Page MenuHomePhabricator

404 for old file versions on Wikimedia Commons with empty archive name
Open, LowPublic

Description

Hi all;

I'm trying to download Wikimedia Commons, but I have found some errors. For
example:

  • oi_archive_name is empty for this file

http://commons.wikimedia.org/wiki/File:Nl-scheikundig.ogg#filehistory

  • link is broken and you get an empty file

http://commons.wikimedia.org/wiki/File:SMS_Bluecher.jpg#filehistory

Are you aware of these errors in old files? Is this going to be fixed?

Regards,
emijrp


Version: unspecified
Severity: major

Details

Reference
bz35367

Event Timeline

bzimport raised the priority of this task from to Low.Nov 22 2014, 12:19 AM
bzimport set Reference to bz35367.
bzimport added a subscriber: Unknown Object (MLST).
Emijrp created this task.Mar 20 2012, 9:15 PM
Reedy added a comment.Mar 20 2012, 9:29 PM

(In reply to comment #0)

Hi all;
I'm trying to download Wikimedia Commons, but I have found some errors. For
example:

  • oi_archive_name is empty for this file

http://commons.wikimedia.org/wiki/File:Nl-scheikundig.ogg#filehistory

  • link is broken and you get an empty file

http://commons.wikimedia.org/wiki/File:SMS_Bluecher.jpg#filehistory
Are you aware of these errors in old files? Is this going to be fixed?
Regards,
emijrp

It can only be fixed if said files exist in some backup/similar

aaron added a comment.Mar 20 2012, 9:31 PM

It may still be on NFS, I've seen this in various places.

(In reply to comment #1)

(In reply to comment #0)

Hi all;
I'm trying to download Wikimedia Commons, but I have found some errors. For
example:

  • oi_archive_name is empty for this file

http://commons.wikimedia.org/wiki/File:Nl-scheikundig.ogg#filehistory

  • link is broken and you get an empty file

http://commons.wikimedia.org/wiki/File:SMS_Bluecher.jpg#filehistory
Are you aware of these errors in old files?

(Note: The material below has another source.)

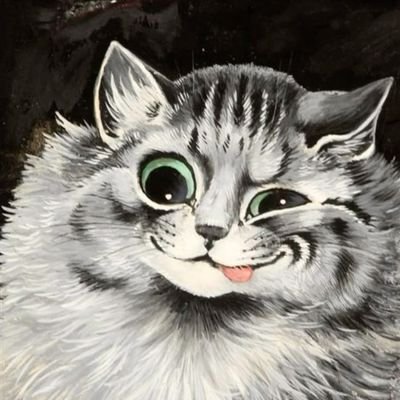 BARF !1!! 🍉さんのプロフィール画像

Is this going to be fixed?
Regards,
emijrp

It can only be fixed if said files exist in some backup/similar

There are more errors like those ones, I didn't make a comprehensive list.

There are more bugs like this.

Bawolff, do you have suggestions on how to break down this bug in actionable items?
We probably need the following:

  1. some maintenance script to list files with each of the problems in question (oi_archive_name empty, archived versions linking "404 Not Found" etc.),
  2. scripts or whatever to correct the wrong metadata (where that's the problem) or look for missing files in NFS and restore them,
  3. bug to track the need to do something about the leftovers.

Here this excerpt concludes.